▶ [Brief] Beginning at the line that contains "Cerulean blue women's" and finishing at the line that contains "Radial blur of", output the data below exactly. Include both end lines and no pictures.

▶ [Dataset entries]
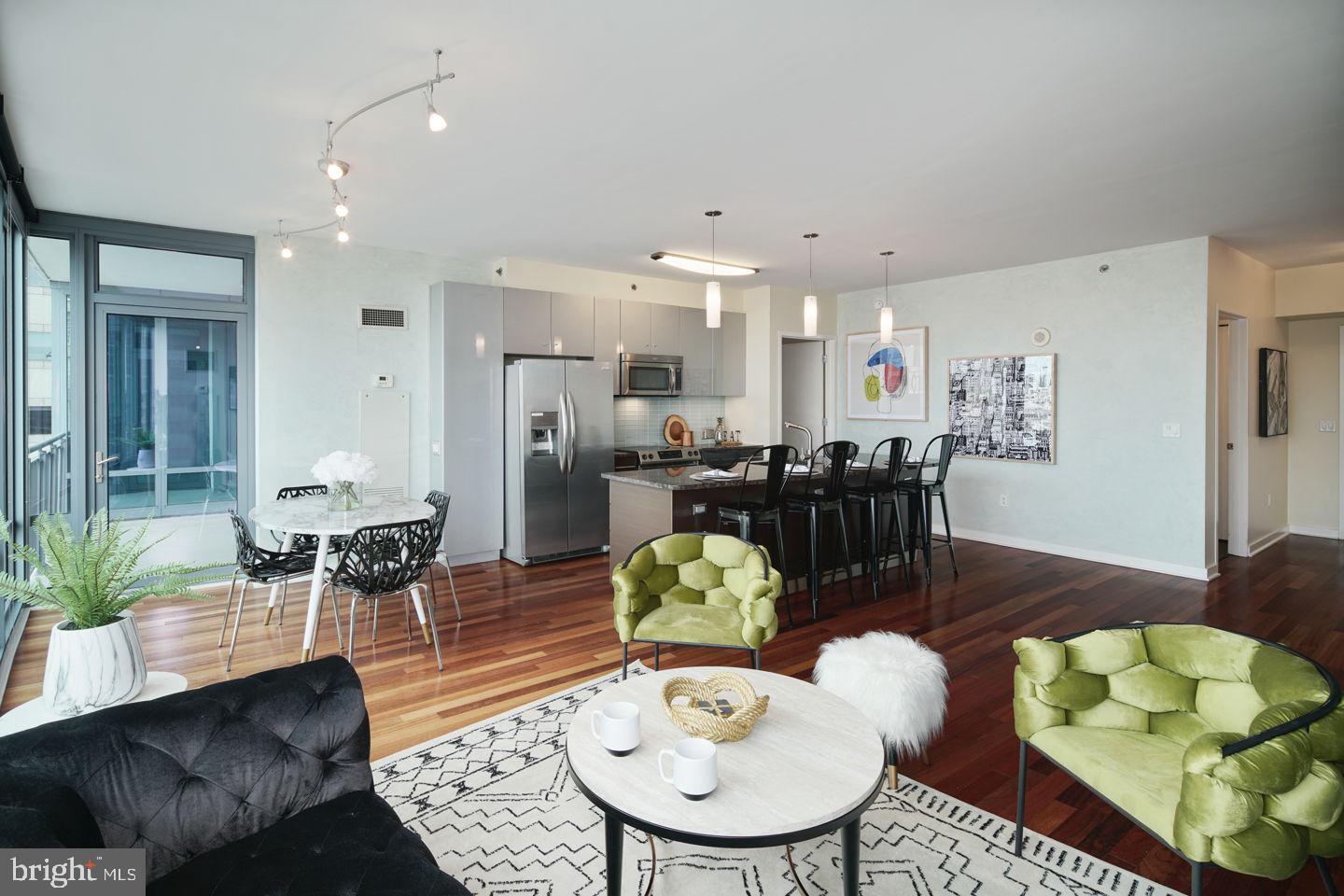 PARKING AND STORAGE INCLUDED! A spacious and luxurious condominium with amazing North and West facing views. This beautiful 1-bedroom, 1.5 -bath residence features hardwood floors throughout inclusive of the bedroom! Custom shelving system with oversize walk-in closet in the master along with the closets in the entryway. Added cabinetry in the kitchen for more storage! Custom blinds in the living room with Murphy bed that will accommodate any guest! Modern and luxurious granite countertops, stainless steel appliances, 9-foot ceilings with floor to ceiling windows. The price includes a reserved parking space in the attached covered garage, and a storage locker. The building features a 24HR Concierge, fitness center, a heated 60FT lap pool, renovated sundeck/community room and much, much more! The building is situated conveniently next door to Trader Joes and Wine & Spirits - and is just walking distance from Philadelphia's top-rated restaurants. Spend the day shopping in Rittenhouse, or enjoying the sights at Boathouse Row, you can't beat the location and attractions located right near the Murano! Don't miss out on this unit!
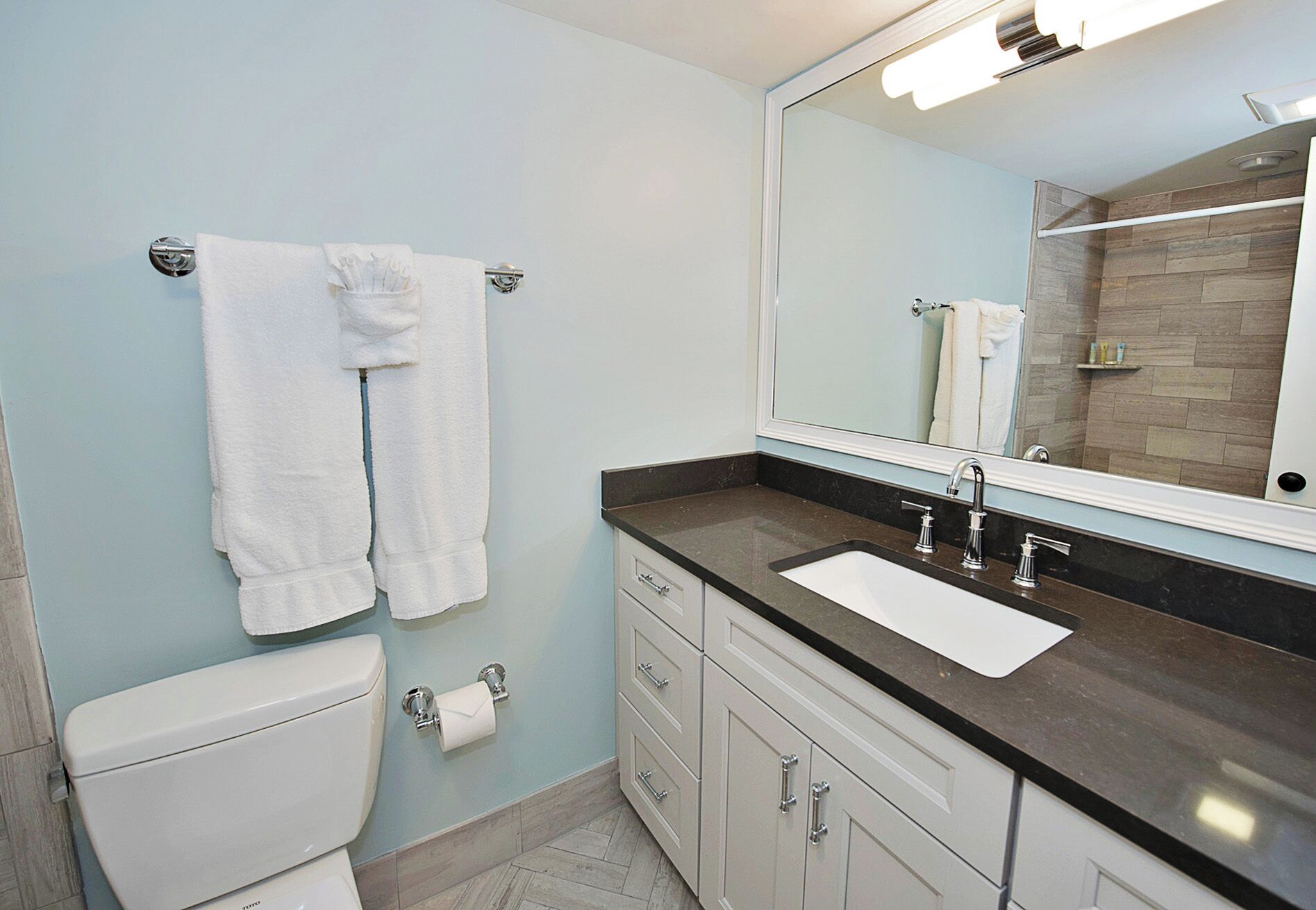 A bathroom with a toilet, sink, mirror, and towel rack.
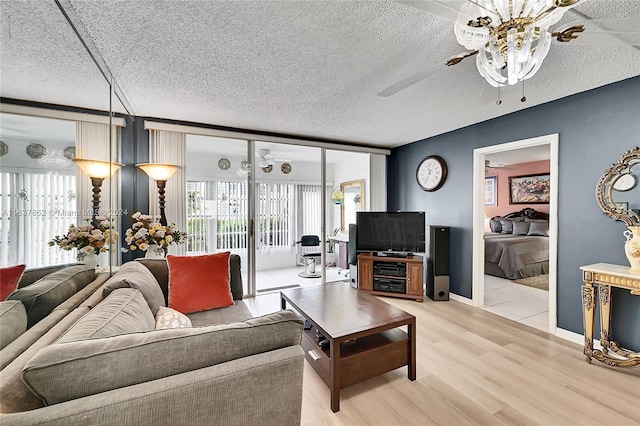 living room featuring ceiling fan, hardwood / wood-style flooring, and a textured ceiling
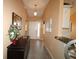 Inviting foyer with neutral colors, decorative mirror, pendant lighting, and a view of the front door at 1412 Forest Acres Dr, The Villages, FL 32162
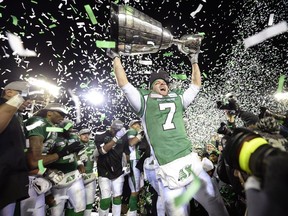 REGINA, SASK - Nov. 24, 2013  -  Saskatchewan Roughriders slotback Weston Dressler (#7) hoists the Grey Cup at the end of the 101st Grey Cup game held at Mosaic Stadium in Regina, Sask. on Sunday Nov. 24, 2013.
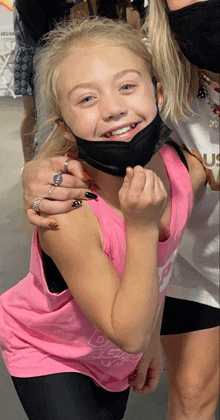 a girl wearing a pink tank top and a black face mask smiles for the camera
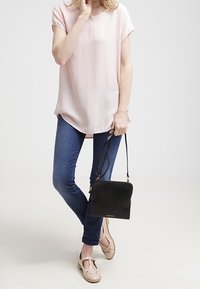 Světle růžová blouse s krátkým rukávem a zakřiveným lemem, v kombinaci s modrými džíny a béžovými botami. Drží černou ramenní tašku s jednoduchým designem.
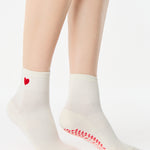 Women wearing a solid white ankle grip sock with a red heart on the ankle made for Pilates, Barre, Yoga, and beyond. 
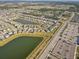 An expansive aerial view of a community with multiple lakes, green spaces, and organized streets at 11476 Sage Canyon Dr, Riverview, FL 33578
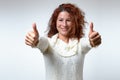 Enthusiastic motivated woman giving a thumbs up Royalty Free Stock Photo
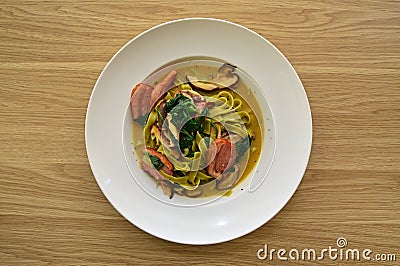 Fettuccine pasta in tasty broth fresh green wilted spinach and slices of smoked duck Stock Photo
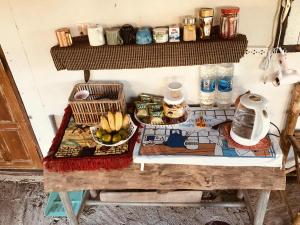 a table with a bowl of fruit and a plate of food at Sparrow Hut in Pai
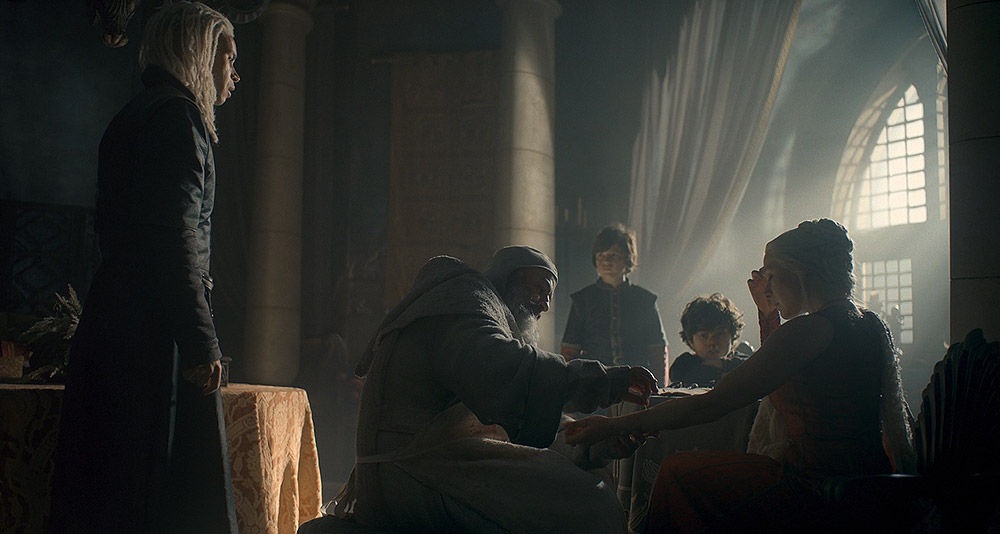 A physician attends to Rhaenyra's wound in House of the Dragon, HBO
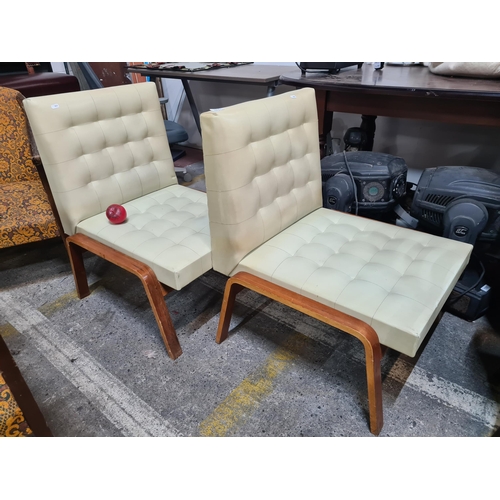 1015 - A super stylish pair of mid century designer chairs , upholstered in a fresh cream leather fabric an... 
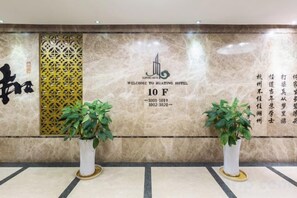 A hotel reception area with a marble wall, a welcome sign, and two potted plants. - Huating Hotel (Huzhou)
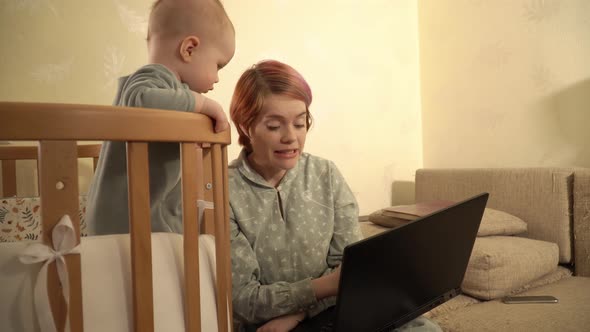 Young Mother is Working at Home Using Laptop and Taking Care of Her Little Baby Standing in the Crib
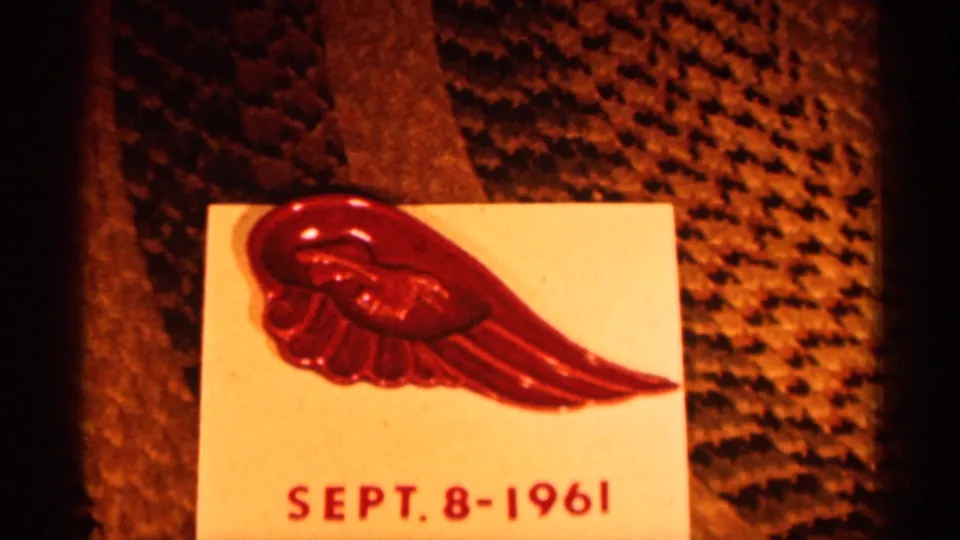 Close 1961 8mm frame of a red wing-shaped pin resting on a white card dated Sept. 8-1961 on textured fabric.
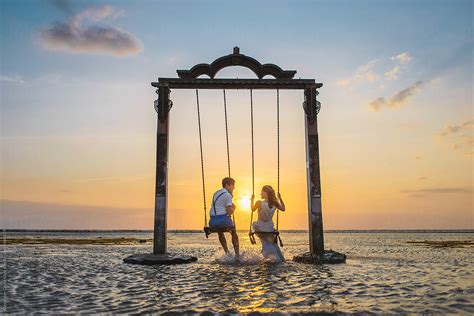 Couple On A Swing At Sunset Beach By Stocksy Contributor Alexander Grabchilev Stocksy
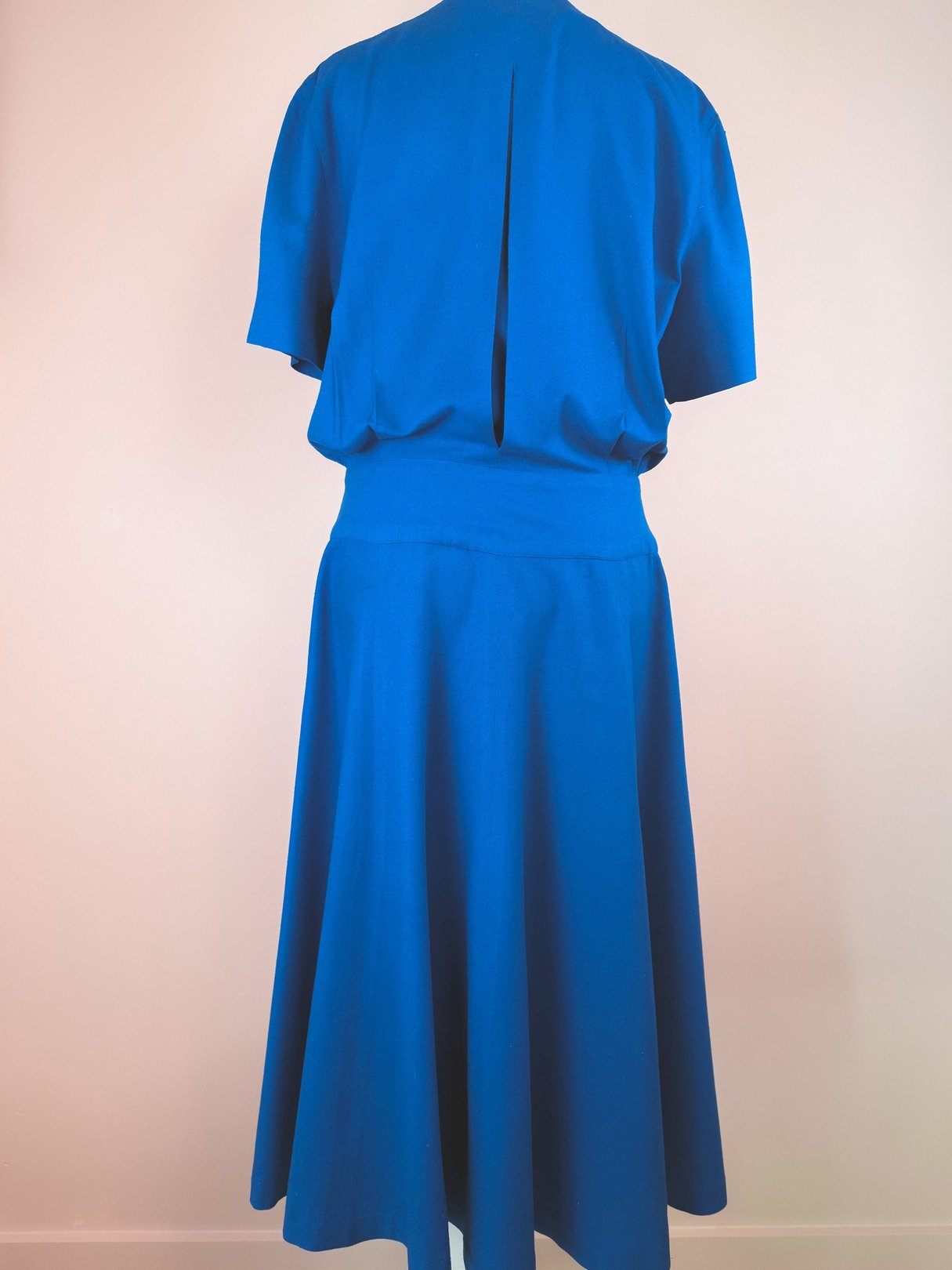 Cerulean blue women's dress from the 1980s featuring a relaxed fit and a knee-length skirt.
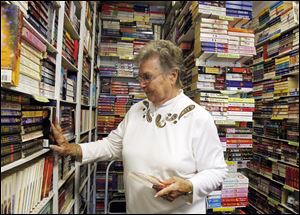 Barbara Kerschner, owner of Munchkin Book Shop puts books in their place in her Toledo, Ohio used book store.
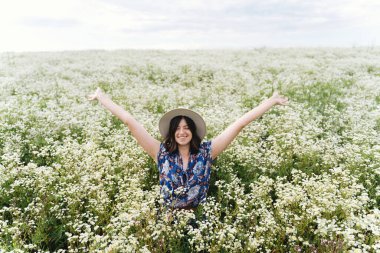 Mutlu genç kadın yaz çayırlarında kır çiçeklerinde gülümsüyor. Mavi elbiseli ve şapkalı güzel, neşeli kız tarlada eğleniyor, mutluluk anı.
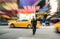 Radial blur of yellow taxicabs and unidentified person in New York City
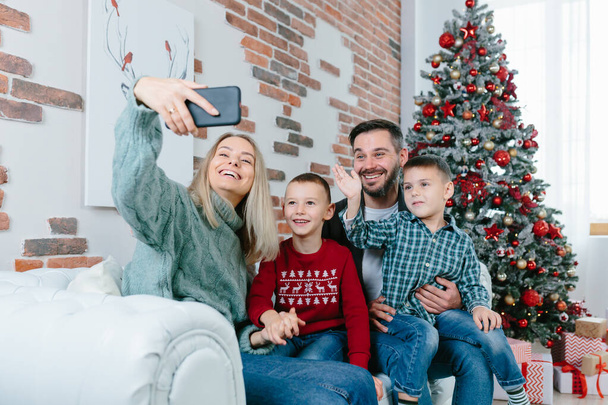 Beautiful happy married couple with two children using smart phone talking to friends or family congratulates Merry Christmas by video call conference app. Modern technology New Year 2022 congrats. - Foto, afbeelding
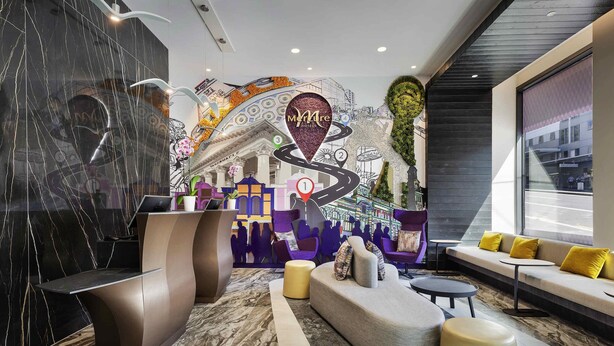 A modern hotel lobby with a reception desk, seating area, and a mural of a cityscape. - Mercure Auckland Queen Street (Auckland)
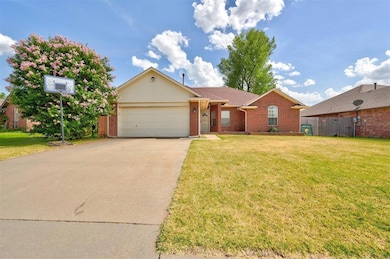 View of front of property with a garage and a fron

▶ [Exercise result]
 Cerulean blue women's dress from the 1980s featuring a relaxed fit and a knee-length skirt.
 Barbara Kerschner, owner of Munchkin Book Shop puts books in their place in her Toledo, Ohio used book store.
 Mutlu genç kadın yaz çayırlarında kır çiçeklerinde gülümsüyor. Mavi elbiseli ve şapkalı güzel, neşeli kız tarlada eğleniyor, mutluluk anı.
 Radial blur of yellow taxicabs and unidentified person in New York City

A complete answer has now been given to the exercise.